■ **Problem**: Repeat the entries that follow, exactly as they are written.

■ **Data supplied**:
┄┄┄┄┄┄┄┄┄┄┄┄┄┄┄┄┄┄┄┄

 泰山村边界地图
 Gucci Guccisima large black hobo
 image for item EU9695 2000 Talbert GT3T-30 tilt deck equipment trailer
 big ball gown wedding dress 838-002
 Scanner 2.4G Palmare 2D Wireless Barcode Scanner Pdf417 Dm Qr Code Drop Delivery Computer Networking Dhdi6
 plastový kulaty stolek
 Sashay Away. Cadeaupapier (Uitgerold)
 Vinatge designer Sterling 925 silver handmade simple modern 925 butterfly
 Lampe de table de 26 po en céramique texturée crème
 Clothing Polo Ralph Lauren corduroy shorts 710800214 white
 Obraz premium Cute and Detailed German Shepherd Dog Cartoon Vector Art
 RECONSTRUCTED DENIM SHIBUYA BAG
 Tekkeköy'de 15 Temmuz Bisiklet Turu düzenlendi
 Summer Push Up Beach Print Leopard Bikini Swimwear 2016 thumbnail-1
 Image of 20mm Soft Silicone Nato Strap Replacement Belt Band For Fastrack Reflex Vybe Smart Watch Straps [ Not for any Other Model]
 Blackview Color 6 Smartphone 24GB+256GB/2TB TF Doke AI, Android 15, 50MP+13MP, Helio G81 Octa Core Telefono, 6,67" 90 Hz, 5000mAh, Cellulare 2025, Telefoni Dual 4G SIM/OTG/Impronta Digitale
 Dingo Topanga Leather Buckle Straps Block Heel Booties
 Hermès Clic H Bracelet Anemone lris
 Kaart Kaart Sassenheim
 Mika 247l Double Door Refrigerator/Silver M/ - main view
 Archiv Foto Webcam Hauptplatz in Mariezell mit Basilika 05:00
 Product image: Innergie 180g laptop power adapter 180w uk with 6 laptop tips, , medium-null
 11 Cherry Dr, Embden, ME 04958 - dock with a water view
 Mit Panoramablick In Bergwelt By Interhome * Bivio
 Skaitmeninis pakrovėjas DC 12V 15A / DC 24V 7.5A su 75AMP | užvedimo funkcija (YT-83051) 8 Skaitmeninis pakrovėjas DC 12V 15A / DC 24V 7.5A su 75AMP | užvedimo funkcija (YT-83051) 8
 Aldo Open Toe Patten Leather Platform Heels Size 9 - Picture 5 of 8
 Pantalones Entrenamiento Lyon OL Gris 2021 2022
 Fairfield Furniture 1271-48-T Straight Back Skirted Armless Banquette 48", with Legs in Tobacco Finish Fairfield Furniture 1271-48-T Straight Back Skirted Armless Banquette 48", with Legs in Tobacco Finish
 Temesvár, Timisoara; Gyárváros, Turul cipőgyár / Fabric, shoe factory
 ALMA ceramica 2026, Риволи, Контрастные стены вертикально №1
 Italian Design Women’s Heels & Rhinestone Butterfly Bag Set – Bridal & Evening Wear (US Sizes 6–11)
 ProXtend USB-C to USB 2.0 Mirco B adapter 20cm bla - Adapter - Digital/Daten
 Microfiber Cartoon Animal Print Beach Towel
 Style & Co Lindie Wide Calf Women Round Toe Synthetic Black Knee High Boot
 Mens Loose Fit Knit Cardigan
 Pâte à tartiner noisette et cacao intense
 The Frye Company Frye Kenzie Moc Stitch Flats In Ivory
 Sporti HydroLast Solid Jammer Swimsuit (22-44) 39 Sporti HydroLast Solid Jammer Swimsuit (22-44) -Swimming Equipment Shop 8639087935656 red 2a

┄┄┄┄┄┄┄┄┄┄┄┄┄┄┄┄┄┄┄┄

■ **Result of the exercise**:
 泰山村边界地图
 Gucci Guccisima large black hobo
 image for item EU9695 2000 Talbert GT3T-30 tilt deck equipment trailer
 big ball gown wedding dress 838-002
 Scanner 2.4G Palmare 2D Wireless Barcode Scanner Pdf417 Dm Qr Code Drop Delivery Computer Networking Dhdi6
 plastový kulaty stolek
 Sashay Away. Cadeaupapier (Uitgerold)
 Vinatge designer Sterling 925 silver handmade simple modern 925 butterfly
 Lampe de table de 26 po en céramique texturée crème
 Clothing Polo Ralph Lauren corduroy shorts 710800214 white
 Obraz premium Cute and Detailed German Shepherd Dog Cartoon Vector Art
 RECONSTRUCTED DENIM SHIBUYA BAG
 Tekkeköy'de 15 Temmuz Bisiklet Turu düzenlendi
 Summer Push Up Beach Print Leopard Bikini Swimwear 2016 thumbnail-1
 Image of 20mm Soft Silicone Nato Strap Replacement Belt Band For Fastrack Reflex Vybe Smart Watch Straps [ Not for any Other Model]
 Blackview Color 6 Smartphone 24GB+256GB/2TB TF Doke AI, Android 15, 50MP+13MP, Helio G81 Octa Core Telefono, 6,67" 90 Hz, 5000mAh, Cellulare 2025, Telefoni Dual 4G SIM/OTG/Impronta Digitale
 Dingo Topanga Leather Buckle Straps Block Heel Booties
 Hermès Clic H Bracelet Anemone lris
 Kaart Kaart Sassenheim
 Mika 247l Double Door Refrigerator/Silver M/ - main view
 Archiv Foto Webcam Hauptplatz in Mariezell mit Basilika 05:00
 Product image: Innergie 180g laptop power adapter 180w uk with 6 laptop tips, , medium-null
 11 Cherry Dr, Embden, ME 04958 - dock with a water view
 Mit Panoramablick In Bergwelt By Interhome * Bivio
 Skaitmeninis pakrovėjas DC 12V 15A / DC 24V 7.5A su 75AMP | užvedimo funkcija (YT-83051) 8 Skaitmeninis pakrovėjas DC 12V 15A / DC 24V 7.5A su 75AMP | užvedimo funkcija (YT-83051) 8
 Aldo Open Toe Patten Leather Platform Heels Size 9 - Picture 5 of 8
 Pantalones Entrenamiento Lyon OL Gris 2021 2022
 Fairfield Furniture 1271-48-T Straight Back Skirted Armless Banquette 48", with Legs in Tobacco Finish Fairfield Furniture 1271-48-T Straight Back Skirted Armless Banquette 48", with Legs in Tobacco Finish
 Temesvár, Timisoara; Gyárváros, Turul cipőgyár / Fabric, shoe factory
 ALMA ceramica 2026, Риволи, Контрастные стены вертикально №1
 Italian Design Women’s Heels & Rhinestone Butterfly Bag Set – Bridal & Evening Wear (US Sizes 6–11)
 ProXtend USB-C to USB 2.0 Mirco B adapter 20cm bla - Adapter - Digital/Daten
 Microfiber Cartoon Animal Print Beach Towel
 Style & Co Lindie Wide Calf Women Round Toe Synthetic Black Knee High Boot
 Mens Loose Fit Knit Cardigan
 Pâte à tartiner noisette et cacao intense
 The Frye Company Frye Kenzie Moc Stitch Flats In Ivory
 Sporti HydroLast Solid Jammer Swimsuit (22-44) 39 Sporti HydroLast Solid Jammer Swimsuit (22-44) -Swimming Equipment Shop 8639087935656 red 2a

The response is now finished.